18 September 2008 à 4:56 pm
Why can repairing the filesystem cause errors? I’ve never seen Windows’s Scandisk warning that it can destroy the filesystem, so why is fsck more “dangerous”?
18 September 2008 à 5:27 pm
Hongli Lai: AFAIK Windows Scandisk will only ask if it actually found a problem and wants to repair it. Usually there is nothing wrong with the filesystem after a hard shutdown, but sometimes Scandisk finds corrupted parts, and asks then.
18 September 2008 à 5:38 pm
There is a bug in the Launchpad about this issue: https://bugs.launchpad.net/ubuntu/+source/ubuntu-meta/+bug/58430
That may be the best place to have this conversation.
I completely agree that this is a serious issue that should be address. If I wasn’t quite experienced (unfortunately) with fsck et al, I’d be completely lost just as your friend was.
18 September 2008 à 6:53 pm
“A serious error that cannot be handled has occured; do you want it to be handled?” Errr, wait, hang on…
18 September 2008 à 7:45 pm
@matthew: It can be handled, its just that there is a risk of further corruption (comparing to fixing it by hand with debugfs and other such expert tools..)
18 September 2008 à 7:57 pm
I’ve filed a bug with Fedora too.. https://bugzilla.redhat.com/show_bug.cgi?id=462804 .. lets see if they can fix their stuff
19 September 2008 à 3:01 am
I haven’t seen that prompt in _years_. It just never seem to happen with ext3. Did he somehow install it with ext2 instead?
19 September 2008 à 6:43 am
@Tester: So what you are saying is that there is that a seriously important trade-off that needs to be evaluated before any further action is taken?

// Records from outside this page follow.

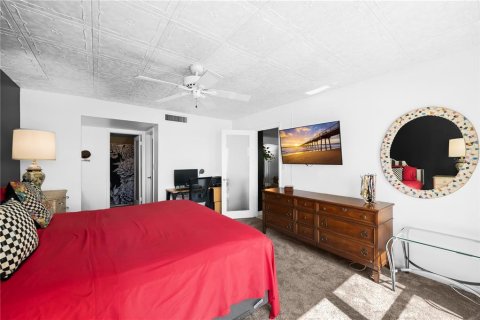 Condo in Fort Lauderdale, Florida, 2 bedrooms  № 1906278 - photo 10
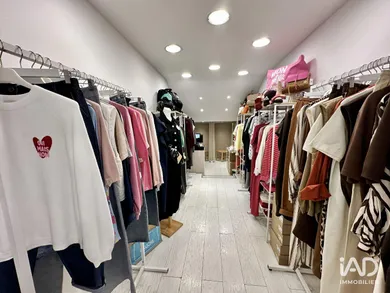 Commercial in SANARY-SUR-MER (83110)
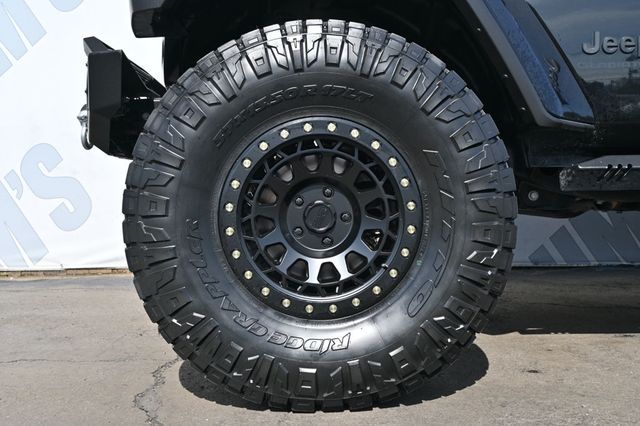 2021 Jeep Gladiator 3 1/2" ROUGH COUNTRY Lift 17" Black Rhino Wheels 37" Nitto Tires - 22776597 - 6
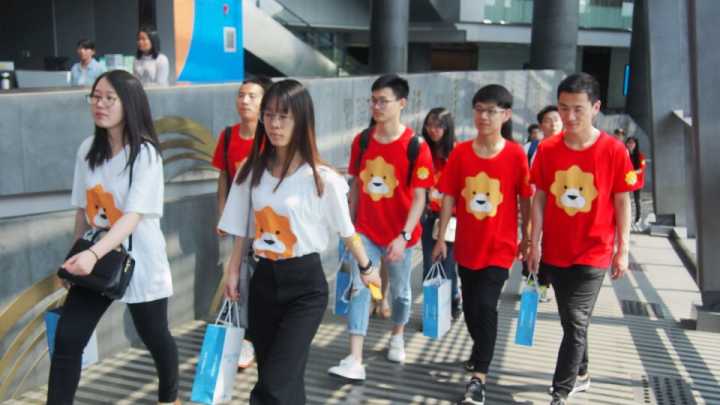 鑻忓畞鎬婚儴澶фゼ,闇囨捈鐩村嚮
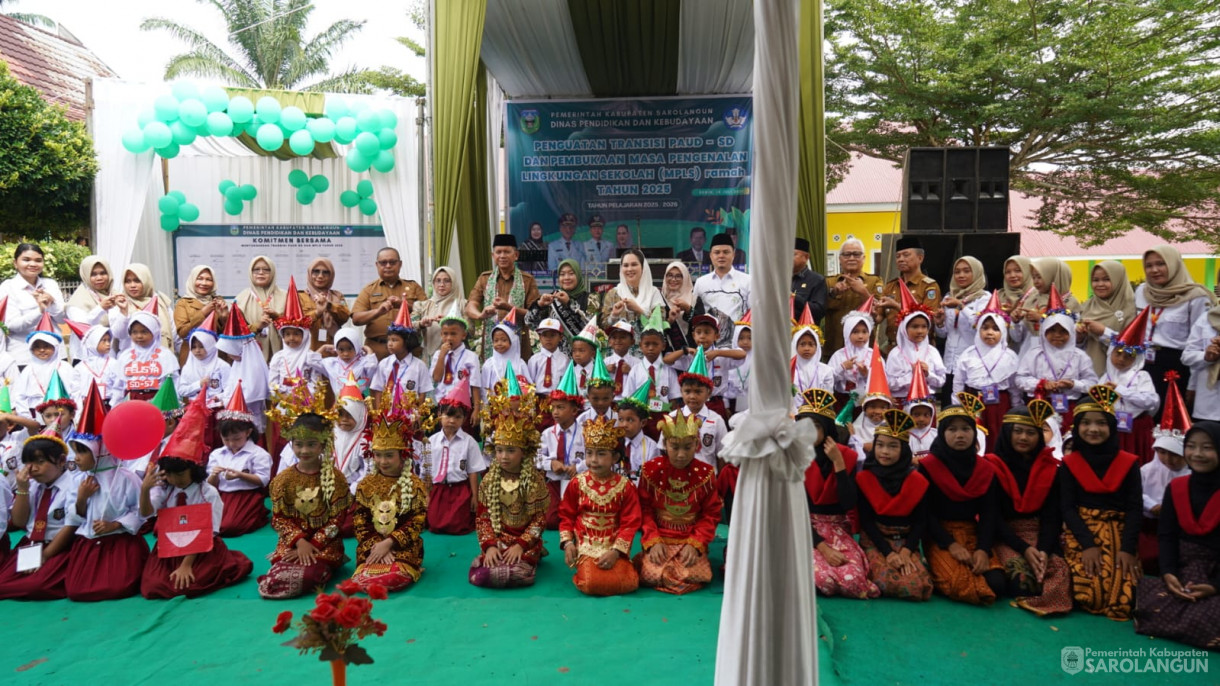 14 Juli 2025 - Pj Sekda Kabupaten Sarolangun Membuka Kegiatan Penguatan Transisi PAUD Ke SD Masa Transisi Masa Pengenalan Lingkungan Sekolah Ramah Tahun 2025 di SD 57 Sungai Benteng Kecamatan Singkut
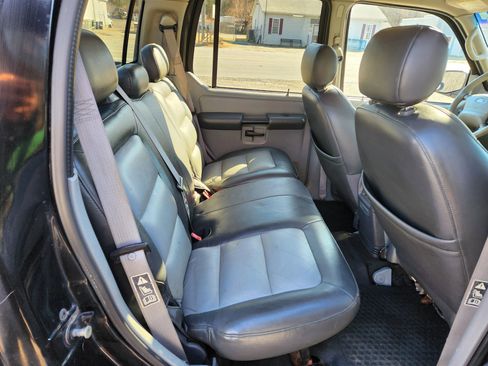 Used 2003 Ford Explorer Sport Trac XLS image 19
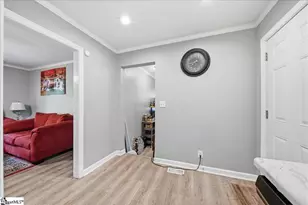 96 N State Dr Dr, Greenville, SC 29605 - Photo 6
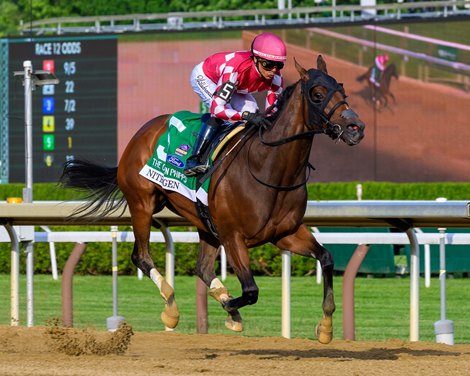 Nitrogen Overwhelms Rivals in Ogden Phipps Victory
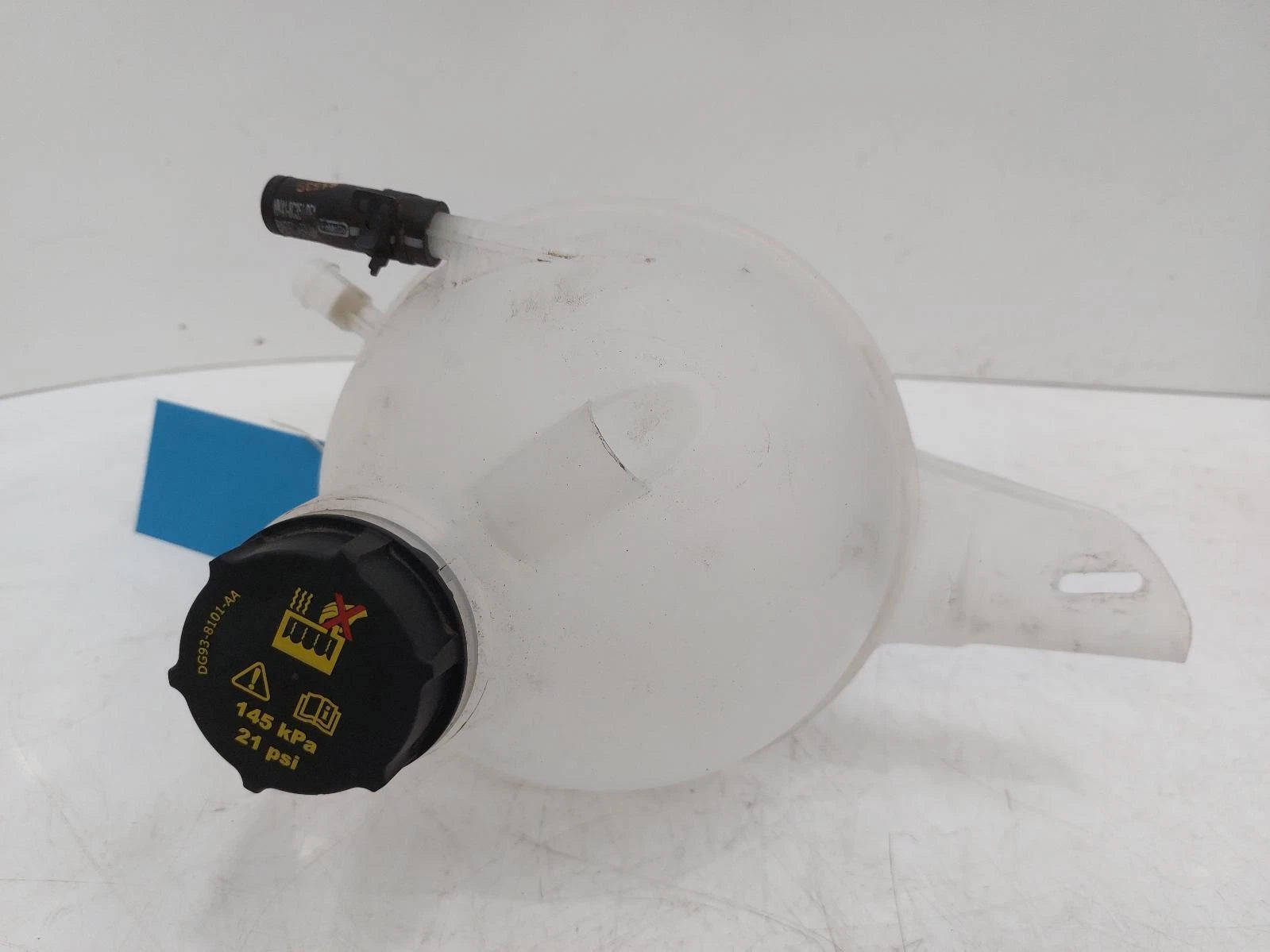 Ford E-Transit Mk8 OVERFLOW BOTTLE 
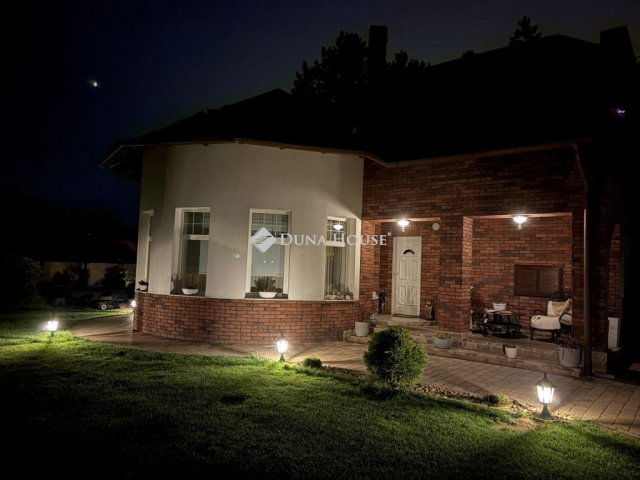 Eladó családi ház, Szatymazon 148 M Ft, 5 szobás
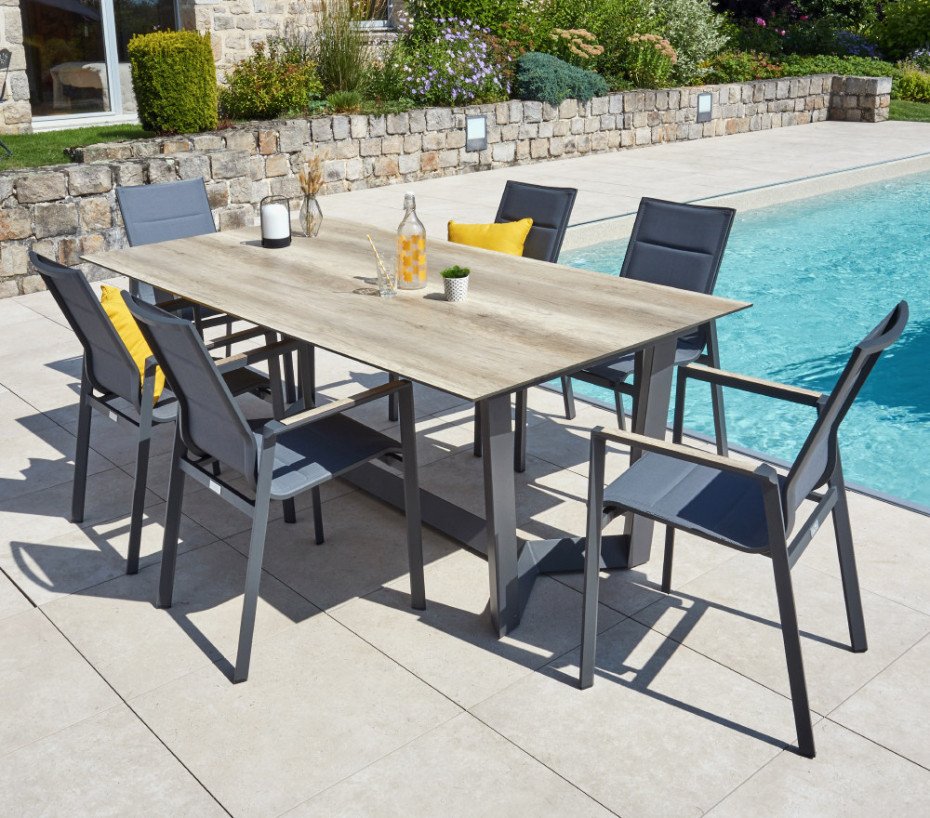 Ensemble table et chaises de jardin - Chêne doré et Nuit JUL CARMEL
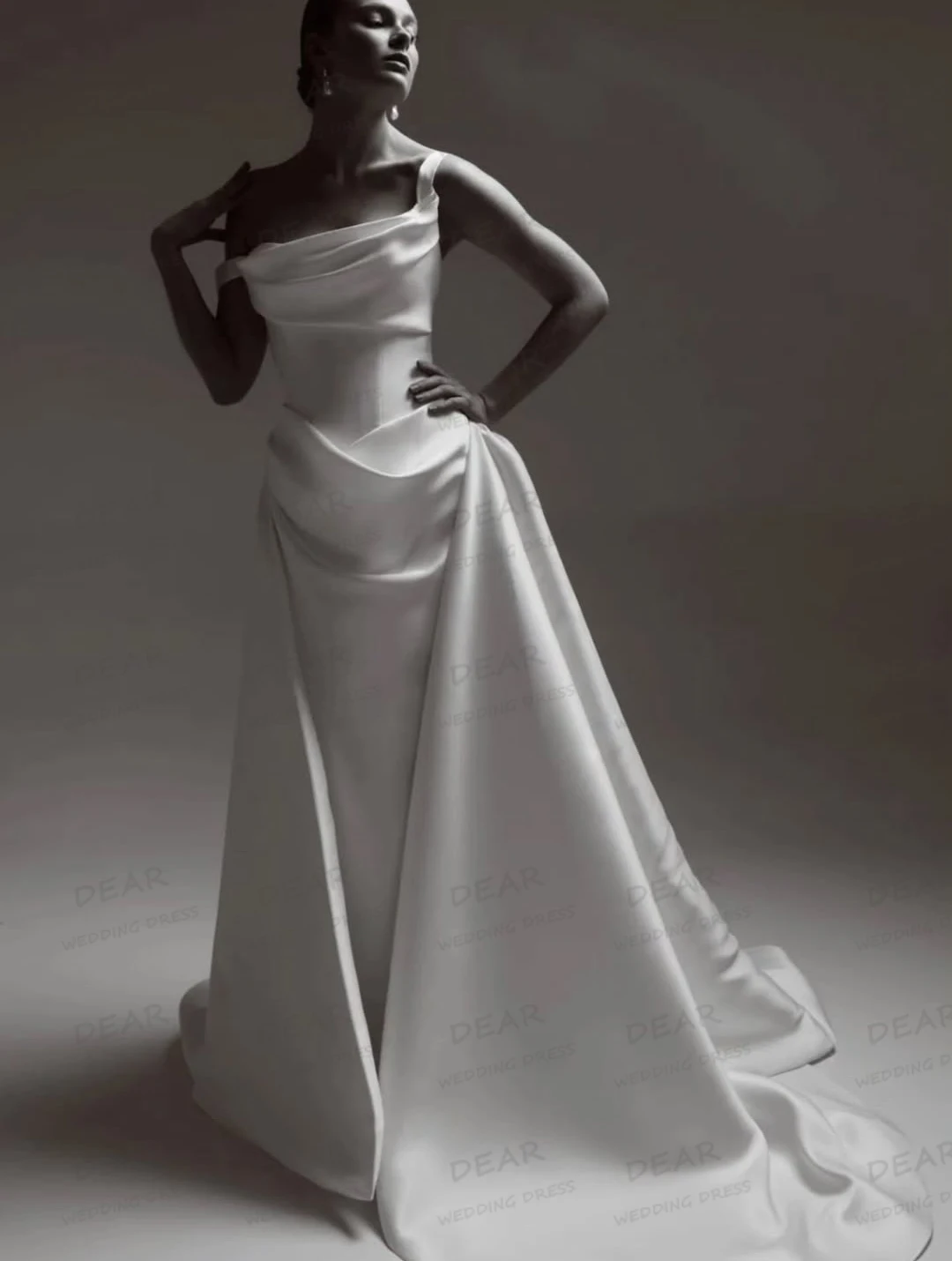 

Simple Mermaid Wedding Dresses Boat Neck Women's Sleeveless Backless Bridal Gowns Satin Vestidos De Novia Princess Customized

19 September 2008 à 5:07 pm
@matthew: Yes, there is a trade-off… But sadly, the trade-off is between getting a filesystem expert (not your random sysadmin) and risking data loss.
20 September 2008 à 7:29 am
I’ve been inspired to finally go around and set FSCKFIX=yes on all of my systems.
20 September 2008 à 10:21 am
Perhaps one of two messages:
Smart Error:
Your boot drive reports that it is suffering a hardware failure. This hardware cannot be repaired and must be replaced.
Or No Smart Error / No SMART:
Your boot drive contains errors, but no hardware errors have been detected in your hard drive. This is most commonly caused by a bad hard drive, but can also be caused by a bad cable, motherboard, or RAID card. In rare cases this can be caused by problems with your computer’s system software.
Followed By:
Some or all of your data my be recoverable.
Professional data recovery service offer the best results, but these services usually extremely expensive. If you wish to use a professional data recovery service power off your computer immediately and do not turn it on again until the drive has been replaced.
If you hear strange noises coming from the drive, you should NOT turn the power off, as it is likely the drive will no longer boot and self-data recovery will become impossible. You should select the Ignore and Attempt to Boot option, and back up your data as quickly as possible.
Self-recovery is frequently successful in temporarily restoring your drive into a working state. Backup your data immediately and replace the drive, as more severe problems are likely.